== Segment start ==
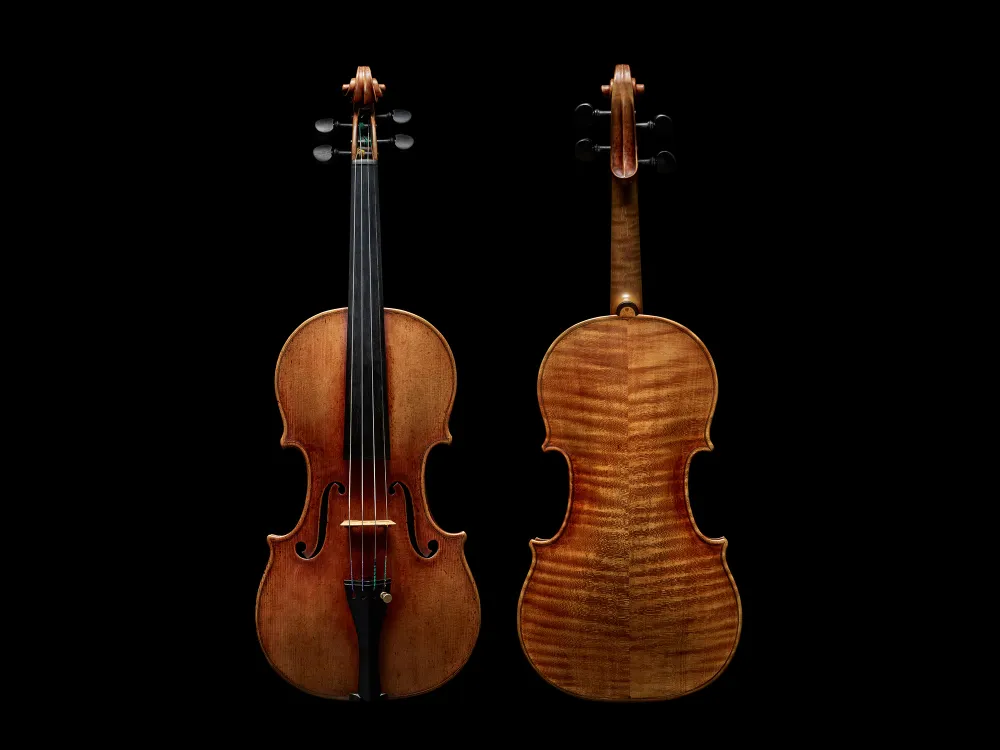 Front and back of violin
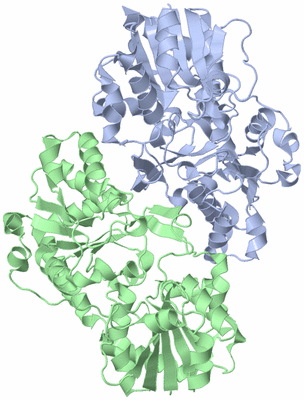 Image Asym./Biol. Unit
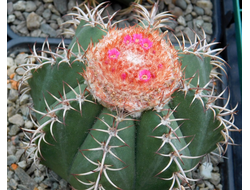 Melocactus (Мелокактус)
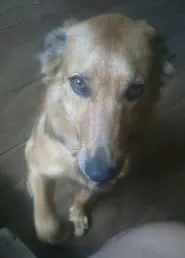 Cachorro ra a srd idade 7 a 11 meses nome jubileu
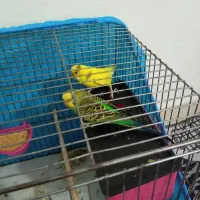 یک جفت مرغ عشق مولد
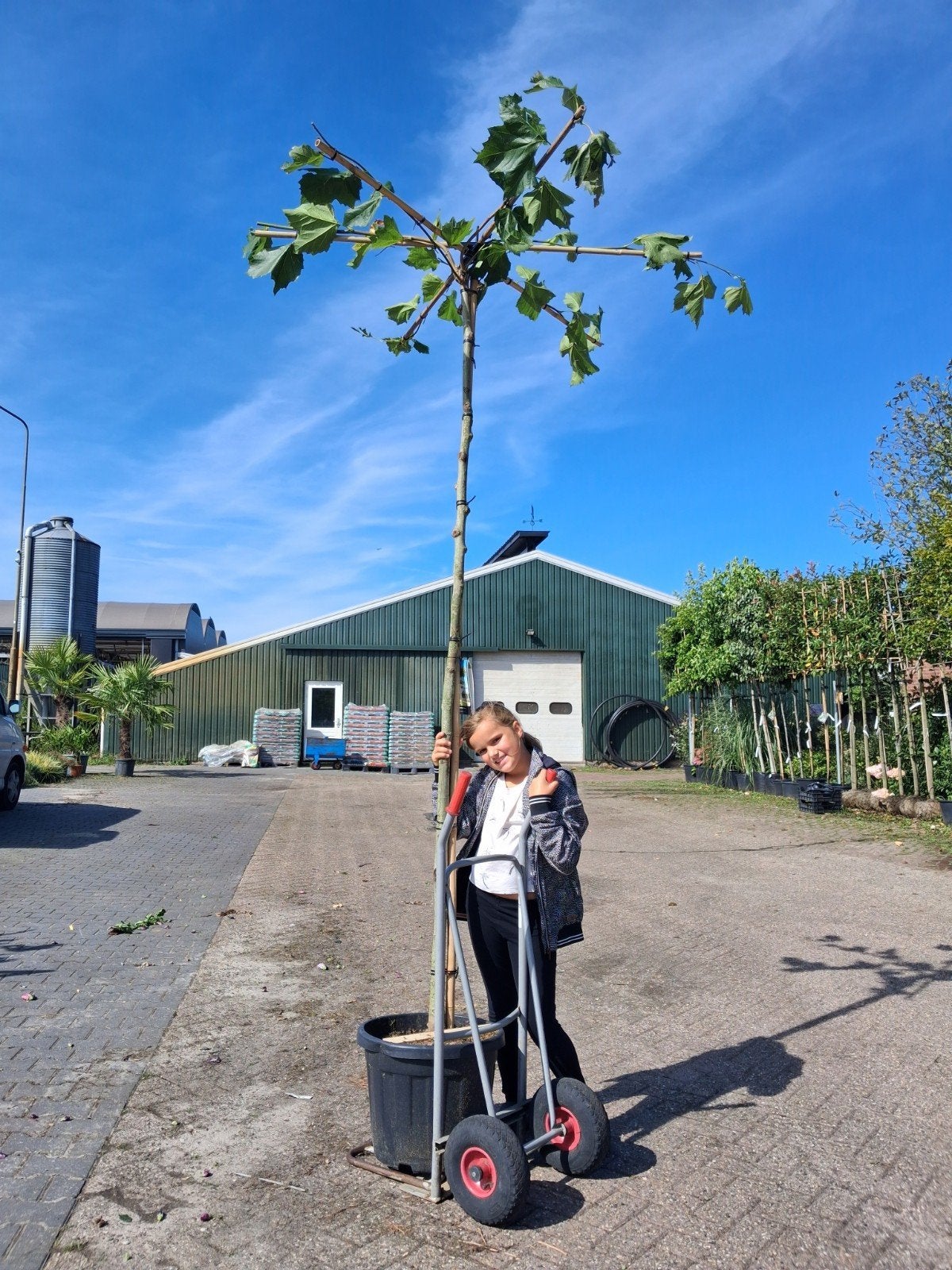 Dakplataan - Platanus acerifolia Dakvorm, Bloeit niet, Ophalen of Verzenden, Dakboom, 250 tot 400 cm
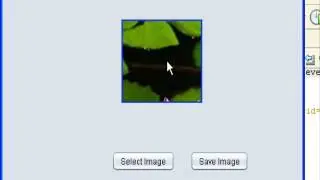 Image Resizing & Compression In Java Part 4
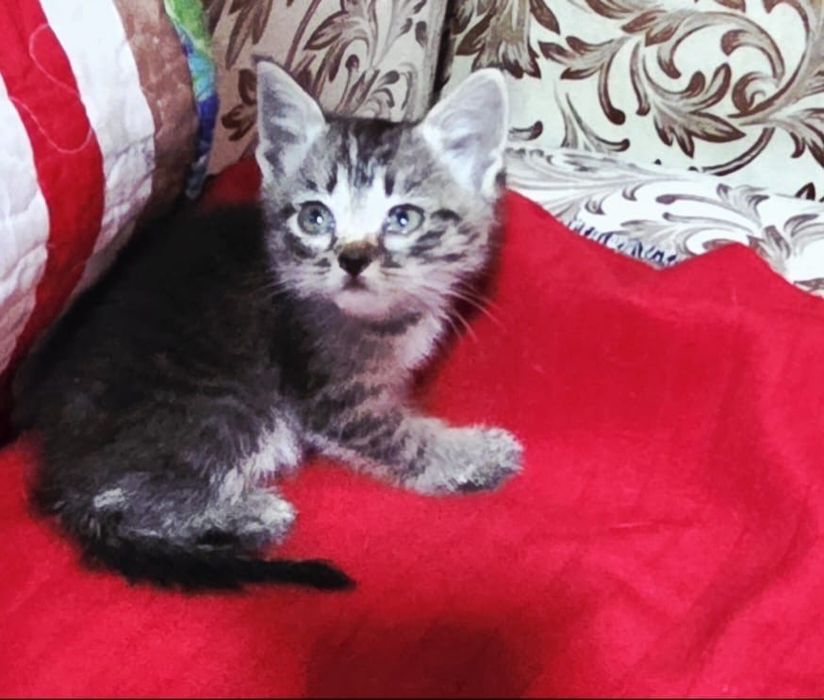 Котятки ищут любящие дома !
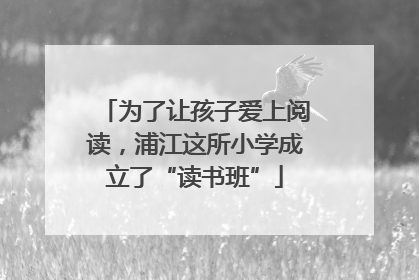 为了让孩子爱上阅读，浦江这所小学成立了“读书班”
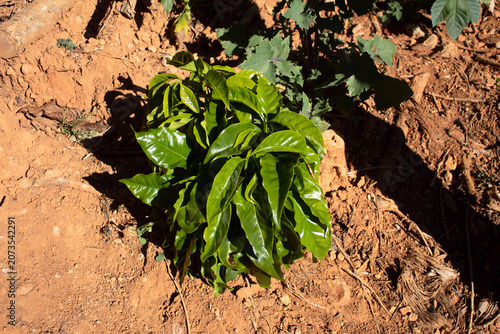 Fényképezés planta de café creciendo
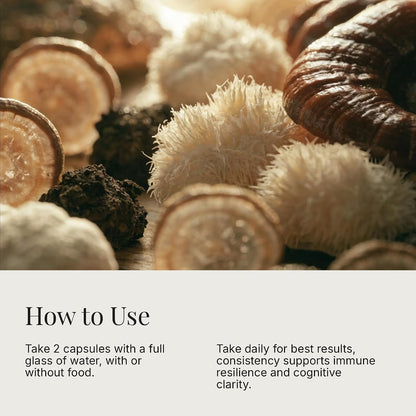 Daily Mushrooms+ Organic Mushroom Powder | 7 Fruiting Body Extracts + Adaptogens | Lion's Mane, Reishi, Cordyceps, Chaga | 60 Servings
== Segment end ==
▶ **Exercise**:
This exercise asks for an exact copy of the lines from the first one in the data through the line that contains "Fényképezés planta de café creciendo", pictures excluded.

▶ **Final answer**:
 Front and back of violin
 Image Asym./Biol. Unit
 Melocactus (Мелокактус)
 Cachorro ra a srd idade 7 a 11 meses nome jubileu
 یک جفت مرغ عشق مولد
 Dakplataan - Platanus acerifolia Dakvorm, Bloeit niet, Ophalen of Verzenden, Dakboom, 250 tot 400 cm
 Image Resizing & Compression In Java Part 4
 Котятки ищут любящие дома !
 为了让孩子爱上阅读，浦江这所小学成立了“读书班”
 Fényképezés planta de café creciendo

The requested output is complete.